Rounding Up the NBA's First Round

So whatever happened to the all-world all-time greatest playoffs ever we were supposed to get in the Western Conference? Eight teams, all of whom won at least 50 games, were separated by just seven wins. Seven. The ESPN.com panel o' experts are 10 gentlemen who write about The http://www.blogger.com/img/gl.link.gifAssociation for a living, and know what they're talking about. They, and me, and everyone else, expected an epic: instead, we got domination. While nobody picked the Nuggets to upset the Lakers, I don't think anybody picked LA to sweep either. New Orleans in five over Dallas? Not only did nobody pick that, six of ten panelists picked Dallas to win the series! San Antonio over Phoenix in 5? Seven of 10 picked Phoenix to win the series, and the three who picked San Antonio had them in six or seven games. The Utah/Houston series is the only one going according to plan, as everyone but Jalen Rose (who said Jazz in five) picked Utah to win in six or seven.

10 experts, and like everyone else, they were way off on the first round out West. My question is: should we have seen this coming? Should we have known from the way the regular season shook out that things would be so one-sided? I just don't see how. Yes Denver was dysfunctional, and Phoenix just never looked like Phoenix, and Dallas looked...well ok the Dallas loss we should have seen coming. But the other two? Hard to say.

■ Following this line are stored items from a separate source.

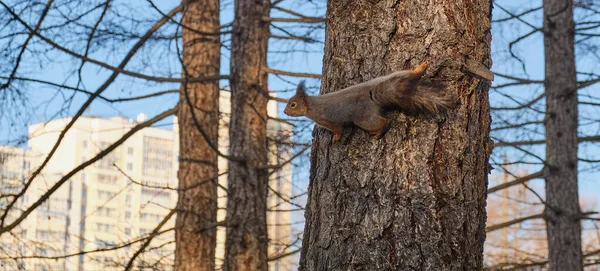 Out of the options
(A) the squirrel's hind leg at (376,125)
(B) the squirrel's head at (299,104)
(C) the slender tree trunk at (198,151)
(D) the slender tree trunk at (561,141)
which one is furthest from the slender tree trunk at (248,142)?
(A) the squirrel's hind leg at (376,125)

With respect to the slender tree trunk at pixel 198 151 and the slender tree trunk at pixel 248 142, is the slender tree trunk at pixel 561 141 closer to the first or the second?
the slender tree trunk at pixel 248 142

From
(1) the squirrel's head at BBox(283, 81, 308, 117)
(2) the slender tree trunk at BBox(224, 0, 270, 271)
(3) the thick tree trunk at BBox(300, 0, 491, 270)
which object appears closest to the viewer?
(3) the thick tree trunk at BBox(300, 0, 491, 270)

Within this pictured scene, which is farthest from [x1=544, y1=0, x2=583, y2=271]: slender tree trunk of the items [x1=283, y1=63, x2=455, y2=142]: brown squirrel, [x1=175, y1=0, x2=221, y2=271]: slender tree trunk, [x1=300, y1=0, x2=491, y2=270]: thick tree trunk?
[x1=283, y1=63, x2=455, y2=142]: brown squirrel

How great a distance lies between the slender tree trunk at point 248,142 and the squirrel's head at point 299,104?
449 cm

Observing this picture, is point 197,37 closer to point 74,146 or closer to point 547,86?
point 547,86

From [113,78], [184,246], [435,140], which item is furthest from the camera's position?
[184,246]

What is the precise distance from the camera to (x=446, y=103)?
2.65 metres

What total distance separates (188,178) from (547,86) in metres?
3.94

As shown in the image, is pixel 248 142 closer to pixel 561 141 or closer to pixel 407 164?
pixel 561 141

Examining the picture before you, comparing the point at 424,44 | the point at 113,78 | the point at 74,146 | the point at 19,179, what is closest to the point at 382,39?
the point at 424,44

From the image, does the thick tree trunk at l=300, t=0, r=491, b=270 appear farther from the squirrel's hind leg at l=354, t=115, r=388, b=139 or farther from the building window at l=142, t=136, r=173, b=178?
the building window at l=142, t=136, r=173, b=178

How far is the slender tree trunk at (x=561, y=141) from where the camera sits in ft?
26.6

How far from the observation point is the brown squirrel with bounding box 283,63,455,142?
262cm

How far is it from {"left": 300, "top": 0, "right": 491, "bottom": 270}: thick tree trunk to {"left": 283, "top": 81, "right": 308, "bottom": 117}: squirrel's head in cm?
20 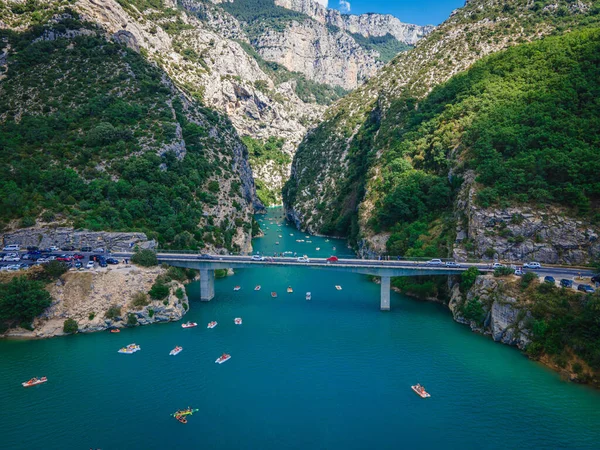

For me, the biggest shocker, or at least most impressive showing so far had to be from LA. It's pretty obvious now that as talented as the Nuggets were, the pieces just didn't fit. Still, this team won 50 games in the regular season, the most ever for an 8 seed. To put that in perspective, they would have been a 3 seed in the East. They have two of the league's top scorers in Carmelo Anthony and Allen Iverson (show of hands, who thought AI's old team would last longer in the playoffs than his current team? Anyone? Yeah me neither), a defensive player of the year finalist in Marcus Camby, an outside gunner and slasher in JR Smith, and some good role guys like Eduardo Najera and Something-or-Other-Kleiza. This is a good team. They did not luck their way to 50 wins. In the East they would be right there in the conversation with Detroit and Boston. Out here? THEY GOT SWEPT. I'm trying to show you how impressive this is. It's not that I thought Denver was better than the Lakers, just that this should have been a tough series: it wasn't. LA's average margin of victory in the first three games was almost 16 points. And even the fourth game, which the Lakers only won by seven, was never really in doubt. Be afraid of LA. Be very afraid. They're just getting warmed up, and poor Utah doesn't stand a chance in the next round. Kobe could average 40 unless Andrei Kirilenko has an all-decade type performance defensively.

San Antonio showed they have plenty left, and if we don't get a Lakers-Spurs conference finals I'll be surprised. That said, the Hornets are for real, and Chris Paul will not only be a handful, but New Orleans has plenty of athletic bigs to send at Tim Duncan. Should be a long series- then again, we thought that in the first round too.

My one and only comment about the East so far:
Scary: In the five games against the Raps Dwight Howard AVERAGED 22.6 pts, 18.2 rbs, and 3.8 blks.
Scarier: Dwight Howard has no post moves. None. Have you seen him in the low post? He turns and dunks or turns and lays it in every time, and yet he still averaged 22 a night in the playoffs. Can you imagine what the young man is going to do when he develops a turn-around jumper or god forbid a hook shot? Scary, scary, SCARY!